When I was a kid, we had a huge book called The Arbuthnot Anthology of Children's Literature - it had chapters from a wide range of children's books of all kinds. My sister and I would read and re-read the selections in the anthology, and then hunt down the books to get the full story. The Whisper of Glocken was included in the book; it was hard to find, since our local library didn't have a copy. The library did have the first book, The Gammage Cup, which is really much better. It is about the Minnipins, who live in a secluded valley surrounded by unclimbable mountains. (David has mocked me for saying "Minnipins." Little does he know one of the characters makes little candy people called "Mintypins", which is even more mockable.) The Minnipins live in little villages along the Watercress River, and they like their doors painted the same color green as the cloaks they all wear. In one particular village, though, five of the Minnipins find that they don't fit in - one is an artist, one a poet, one an eccentric historian, one a curmudgeon, and one a general muddle. This character, named Muggles (strange to see after reading the Harry Potter books) keeps all her things in heaps and piles around her house. I could identify with this - I keep all my things in heaps and piles around my office, no matter how often I try to shovel it out and stem the growing tide of papers and oddments. The character also had piles of quilts and blankets heaped on her bed, which inspired me to do the same when I first read the book at around age 10 or so. Growing up in Arizona, there really is never any call to have piles of blankets mounded on one's bed - my mother, I'm sure, didn't know why I had every spare blanket rumpled and crumpled on my bed.

Anyway, the five Outcasts end up saving the valley from the invading Mushroom people, who try to sneak into the valley through abandoned mines that tunnel all the way through the mountains. I was obsessed as a child with recreating the valley described in the book - the river pours down a mountain at one end of the valley, and exits the valley through a tunnel in a mountain at the other end. Twelve villages are located along the river - there's a great little map which shows the meandering river and the location of each village, as well as a map of the particular village the story takes place in.

Digging around in the backyard, under the oleander bushes, I would build a little riverway surrounded by mountains. I suppose I was like a ten-year-old version of Richard Dreyfuss in Close Encounters of the Third Kind. (David would say I'm still like a ten-year-old version of Richard Dreyfuss in Close Encounters of the Third Kind, and should not be left unattended with mashed potatoes.)

I suppose re-reading the books I loved in childhood gives me the same pleasure that I find in mashed potatoes - yummy comfort. When I've been writing all day (or evaluating my students' writing), I need something uncomplicated, warm and soothing.
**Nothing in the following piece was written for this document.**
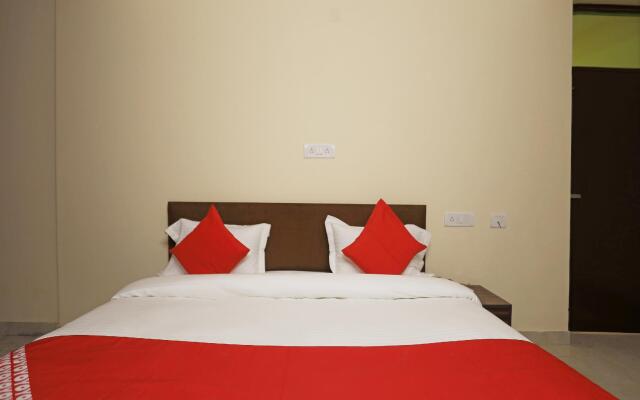 OYO 45288 Hotel 2 Yaars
Wouldn't you really love to be living in a tiny village nestled along the Watercress River, with mountains on every side - your biggest concern being what color you'll paint the door of your cottage? Me too.

2 Comments:

Blogger Gil said...

Mintypins. Good grief. Now I know how the curmudgeon got his start.

9:26 PM  
Blogger Gil said...

I don't even like waterslides of 20 feet, so a thousand-foot waterfall would not make my day. Luckily, Marshall-Will-and-Holly's tiny raft was bluescreened onto a gutter flowing with the waste water from someone washing his car.